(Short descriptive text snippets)
++++++
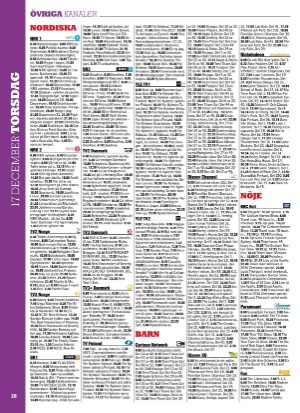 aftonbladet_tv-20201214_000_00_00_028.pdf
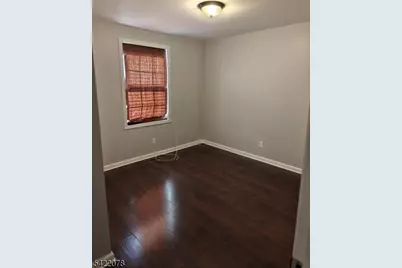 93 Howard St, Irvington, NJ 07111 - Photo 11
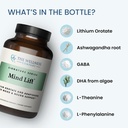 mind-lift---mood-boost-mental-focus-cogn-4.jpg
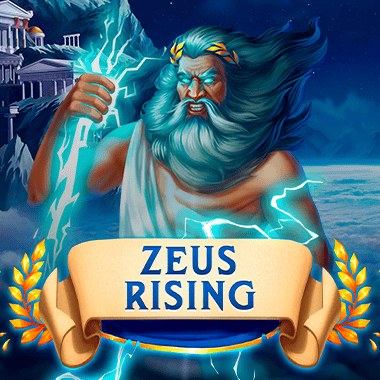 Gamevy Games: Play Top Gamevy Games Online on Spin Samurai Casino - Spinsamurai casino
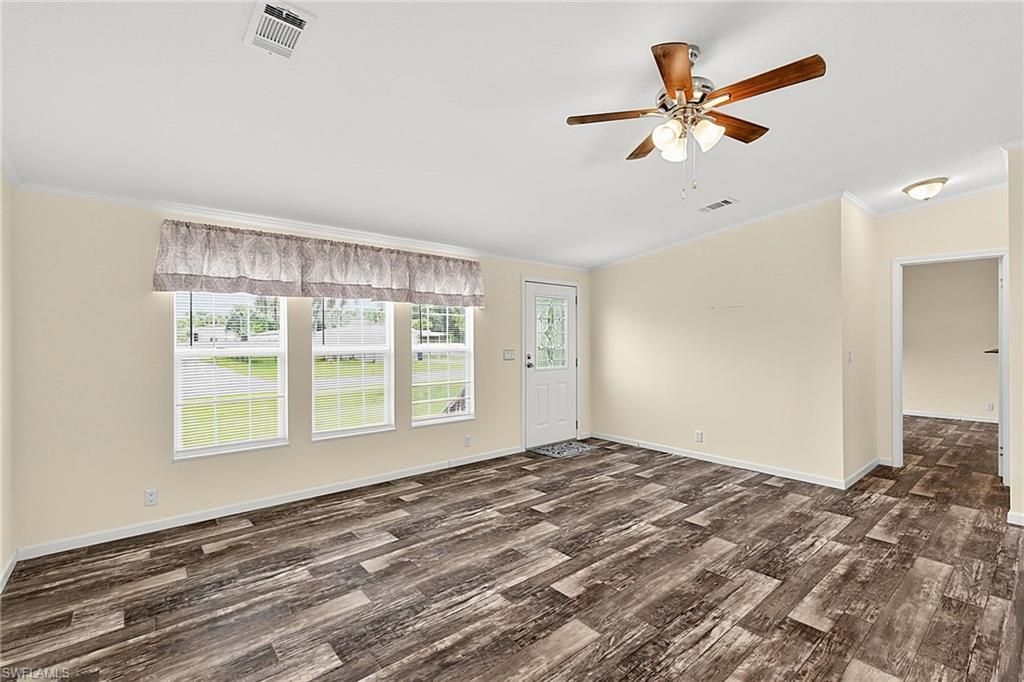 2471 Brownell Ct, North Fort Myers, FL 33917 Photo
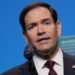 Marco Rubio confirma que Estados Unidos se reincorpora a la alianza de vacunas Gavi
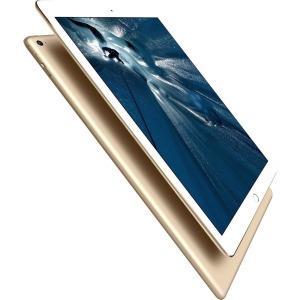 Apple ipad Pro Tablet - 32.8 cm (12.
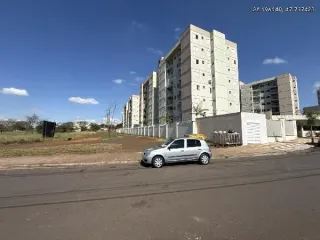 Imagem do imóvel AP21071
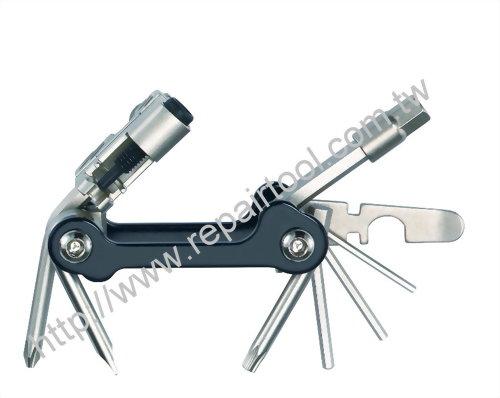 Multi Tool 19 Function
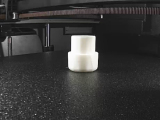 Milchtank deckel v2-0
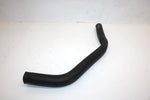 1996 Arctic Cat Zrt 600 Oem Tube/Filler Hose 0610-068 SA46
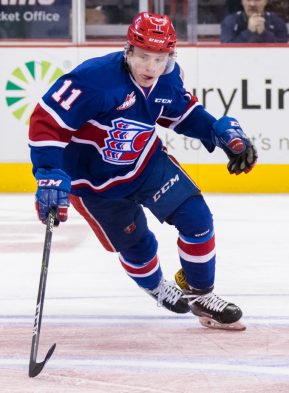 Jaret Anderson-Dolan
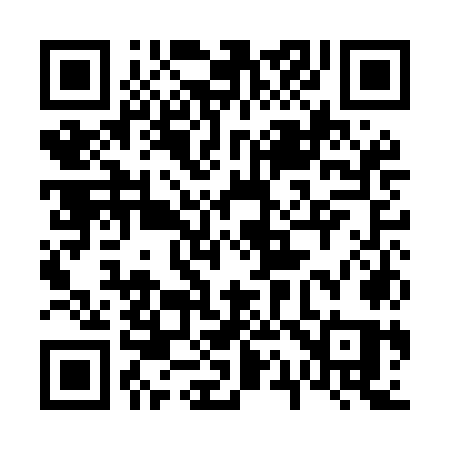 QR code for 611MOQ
++++++
*TASK ITEM*
Nothing but an exact copy is needed, covering the lines from the line with "Apple ipad Pro Tablet - 32.8 cm (12." through the last line of the entries, pictures excluded.

*EXPECTED OUTPUT*
 Apple ipad Pro Tablet - 32.8 cm (12.
 Imagem do imóvel AP21071
 Multi Tool 19 Function
 Milchtank deckel v2-0
 1996 Arctic Cat Zrt 600 Oem Tube/Filler Hose 0610-068 SA46
 Jaret Anderson-Dolan
 QR code for 611MOQ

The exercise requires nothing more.